My local shop has 3/4" MDF sheets and 3/4" birch ply sheets for roughly the same price ($25-30). So price isn't a consideration. The oak plywood is more expensive ($50), so I was going to try and avoid using that for the corner piece, especially b/c I'm going to be painting it solid white, so the nice oak grain would be lost. EDIT: The plywood is ACX.

On that note, which would be easier to paint? I'm looking for a smooth, glossy white finish. Something along the lines of the white on the center island here:










I'm buying from a smaller lumber store, not a big box, and so both the plywood and the MDF are relatively smooth-faced already.

Besides the painting, the other consideration is ease of cutting. I am a woodworking newbie (this is my first big project), and although I will be having the store do most of the main cuts, I have a few simple cutouts to do myself when I get home. 

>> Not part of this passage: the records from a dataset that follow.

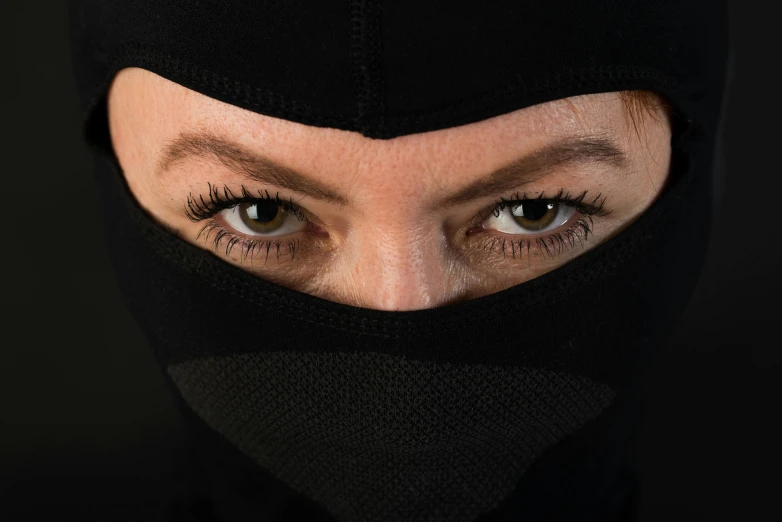 a woman wearing a black mask and dark eyes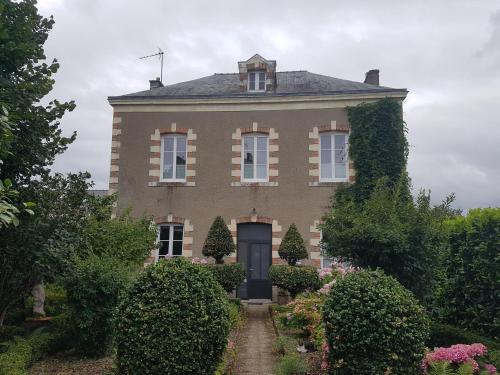 a large brick house with a door and bushes at Gîte Mido in Cordemais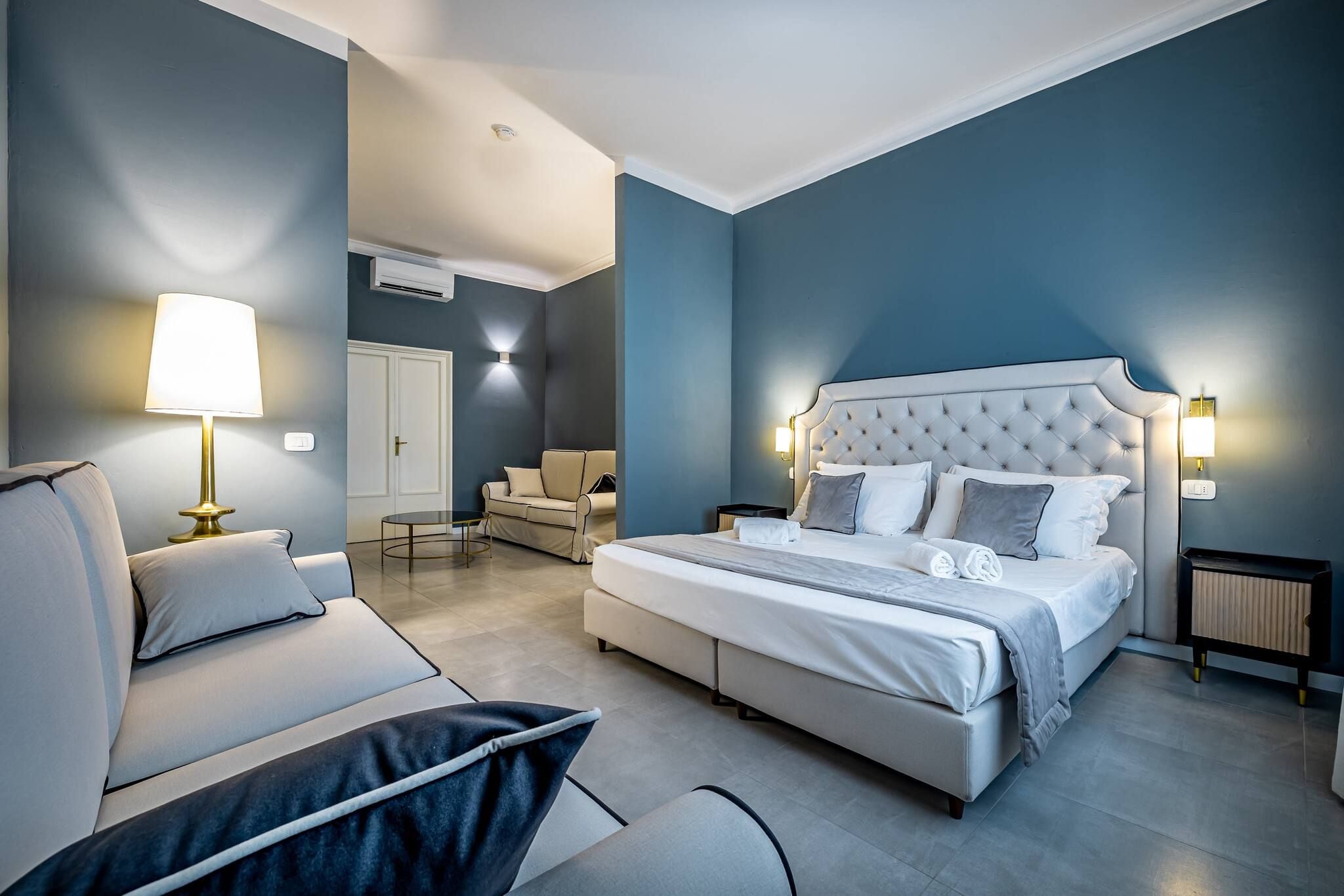A modern bedroom with a large bed, a sofa, a chair, and a bedside table.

So if you were in my shoes, which material would you use?


----------



## cabinetman (Jul 5, 2007)

If you're going to paint, I would use MDF. It's easy to work with, it just makes a lot of dust.












 







.


----------



## BarclayWood (Jul 1, 2011)

Ok, thanks! I will do that.


----------



## DannyT (Apr 26, 2011)

i would go with the mdf also. I built my fireplace mantle out of MDF cause i wanted a smooth surface and it machines easier since it doesnt splinter.


----------



## Lue_Ebra (Jul 9, 2011)

Hi. This is my first post here. 
I was, once upon a time, the shop foreman for a cabinet shop. We had a pretty simple rule for that very decision: If you need to show the grain, use ply. Otherwise use MDF, and HDF (high density fibrecore) for load-bearing parts.
A warning about HDF, in 1994 it was $60 for a 3/4" sheet and that was bulk price. Also it's not easy to find. Asking for it at the big box stores usually just gets me their patented Big Box Blank Stare.
I hope this was helpful.


----------



## cabinetman (Jul 5, 2007)

Lue_Ebra said:


> Hi. This is my first post here.


 





 










 







.


----------



## eigersa (Apr 17, 2011)

i use mdf a lot for white kitchens, it's quick and easy to use. are you planning to spray or hand paint? just remember to seal the edges and use a primer before spraying.


----------



## rilanda (Jul 10, 2011)

My first choice would be MDF, but please be aware and use a special MDF primer paint particularly on the edges. The edges need to be well sanded almost to a polished finish working through the grades and finising with 240 grit. Apply 2 coats of an MDF primer filler cutting back between coats and a good finish should be obtained without any difference noticeable between surface and edge faces


----------



## BarclayWood (Jul 1, 2011)

I'm planning on spray painting. Looking for a "piano white" finish on the thing. I am of course shooting for the stars and likely not to make it out of the atmosphere.


----------



## jschaben (Apr 1, 2010)

BarclayWood said:


> I'm planning on spray painting. Looking for a "piano white" finish on the thing. I am of course shooting for the stars and likely not to make it out of the atmosphere.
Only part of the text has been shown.